▶ [Work task]:
Give again, exactly and without pictures, the lines running from the line with "A US flag flies" to the end of the records below.
▼
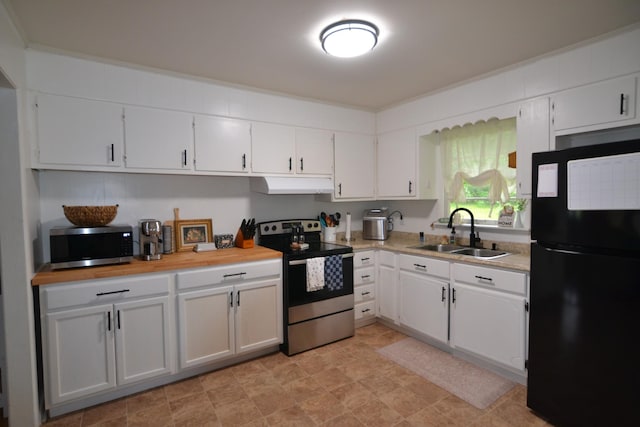 800 E Grigsby St, Pulaski, TN 38478 - kitchen featuring appliances with stainless steel finishes, a sink, under cabinet range hood, and white cabinets
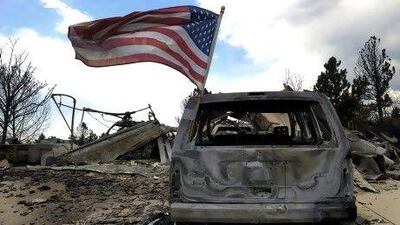 A US flag flies on a burnt car after fire ravaged 350 homes in a neighbourhood in Colorado Springs, Colorado last week.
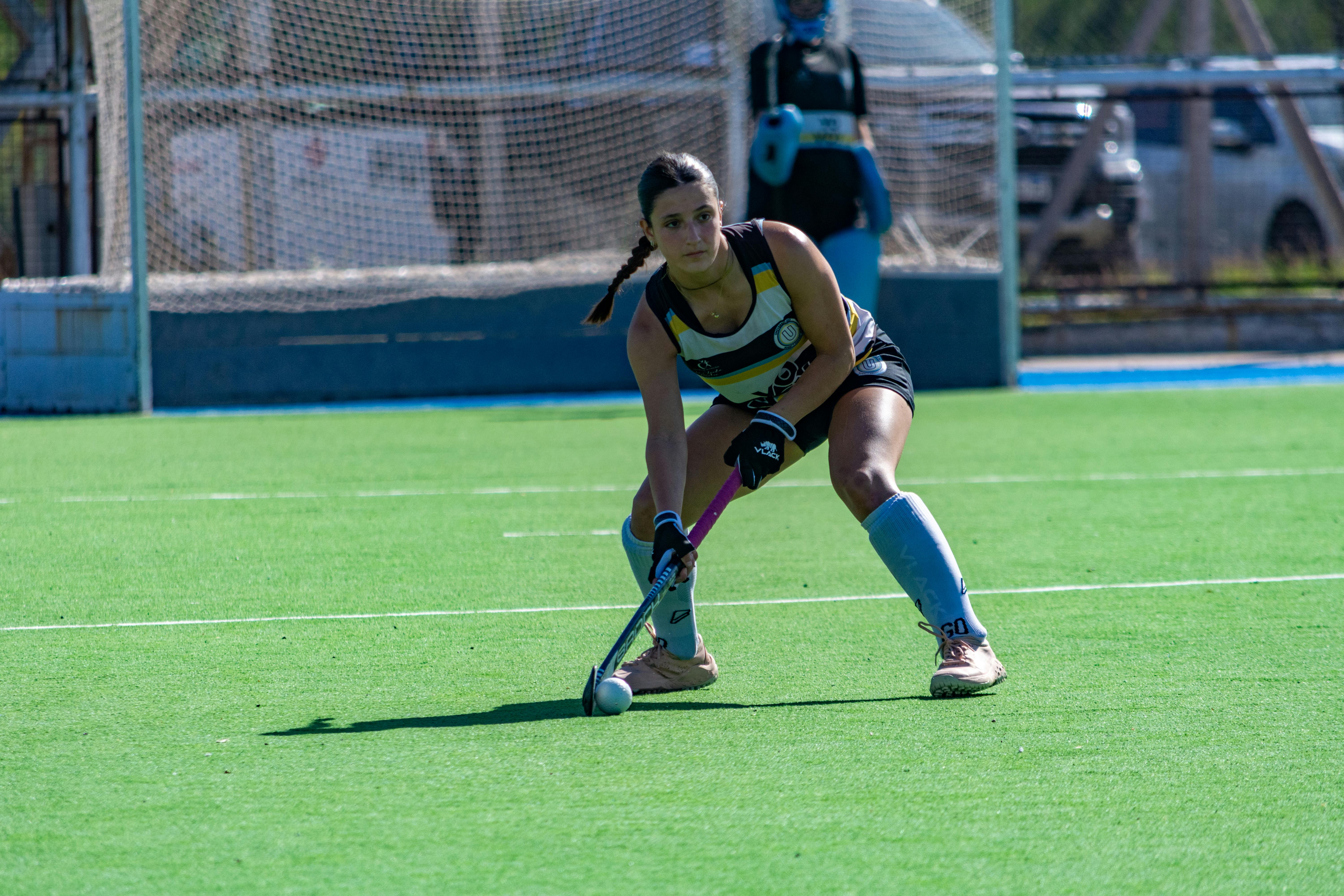Focused female field hockey player poised to strike on a sunny outdoor field.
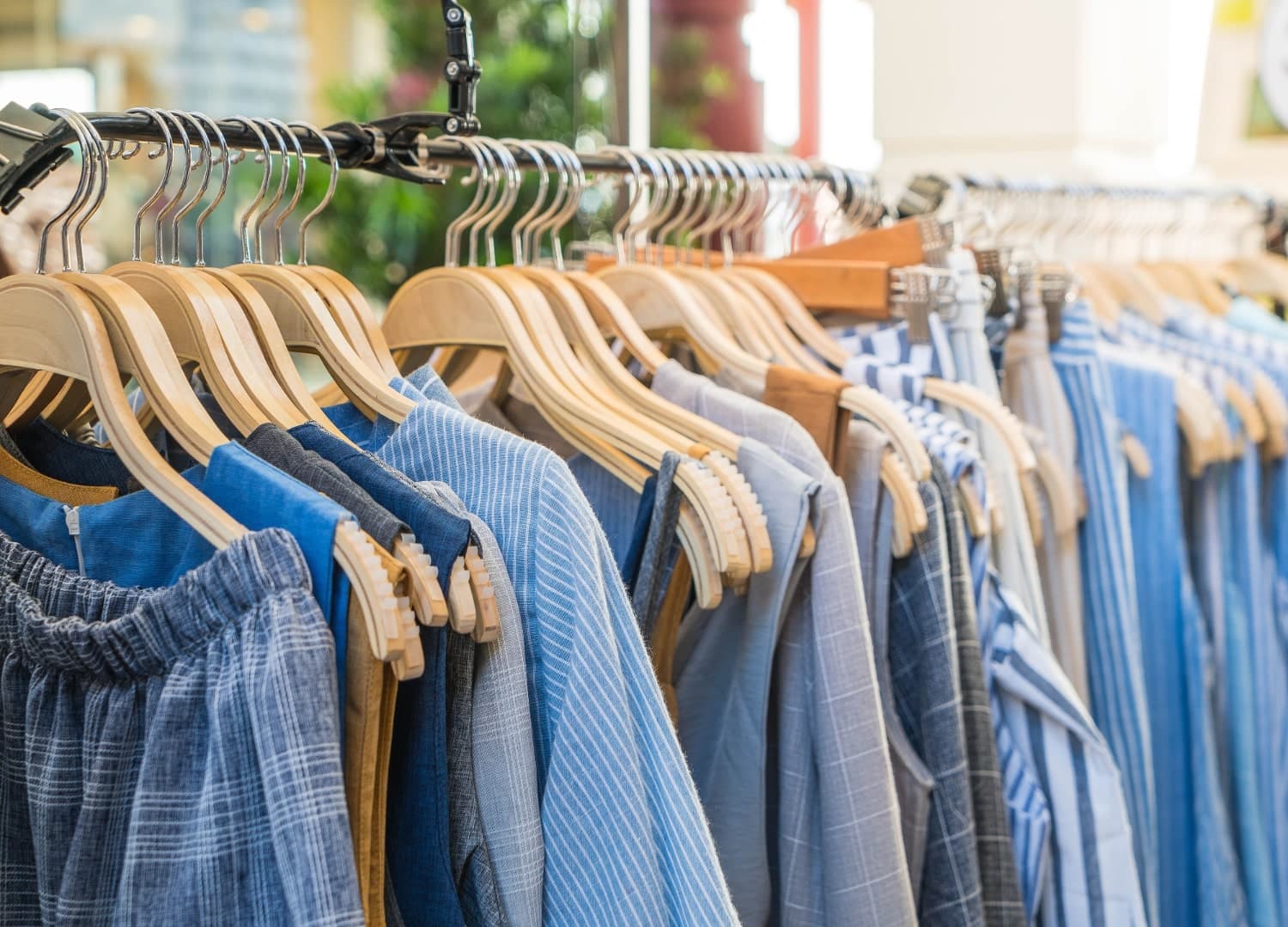 Blue and striped shirts on wooden hangers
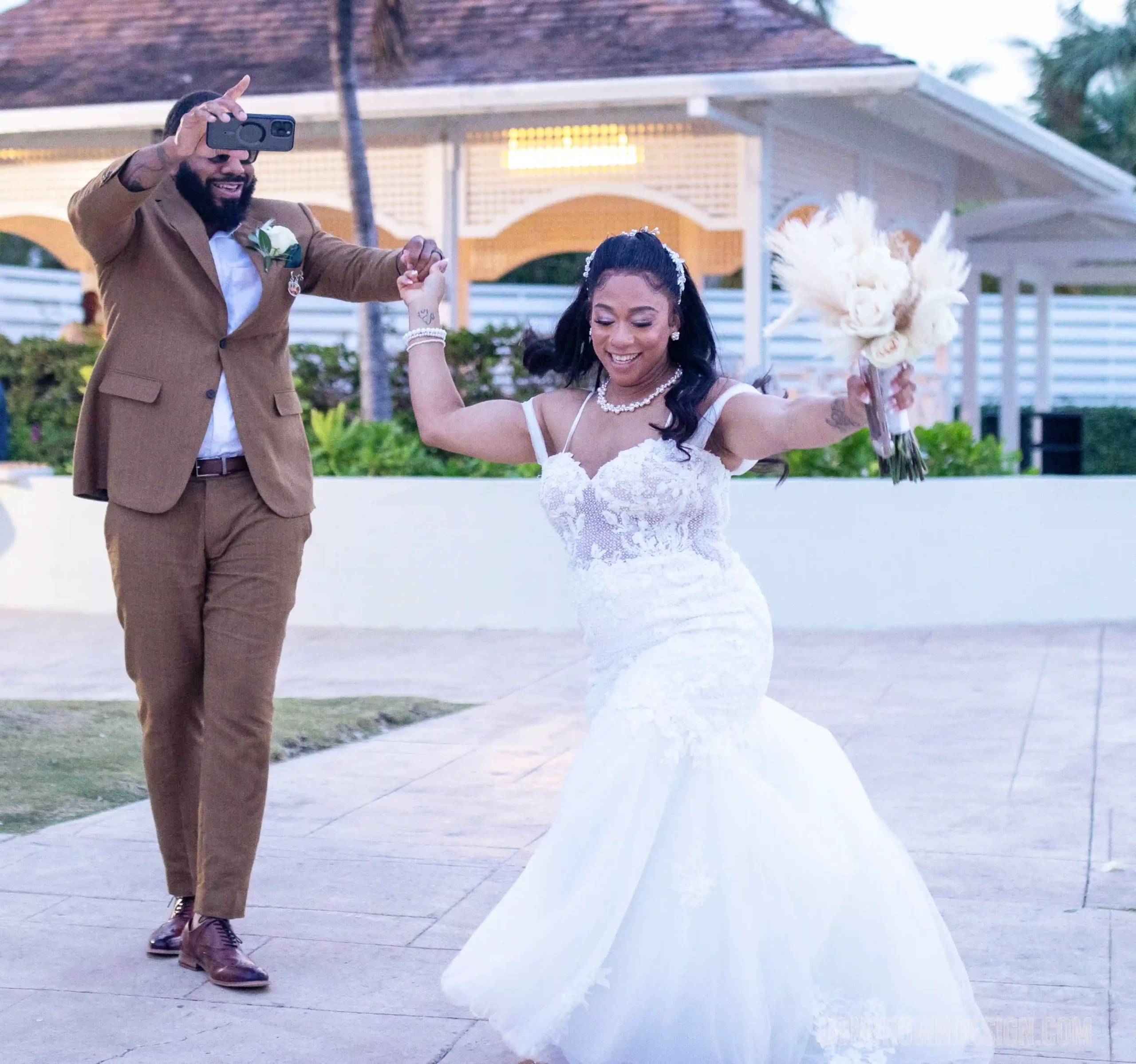 destination wedding photography bride and groom walking in scaled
▲
▶ [Solution to the problem]:
 A US flag flies on a burnt car after fire ravaged 350 homes in a neighbourhood in Colorado Springs, Colorado last week.
Focused female field hockey player poised to strike on a sunny outdoor field.
 Blue and striped shirts on wooden hangers
 destination wedding photography bride and groom walking in scaled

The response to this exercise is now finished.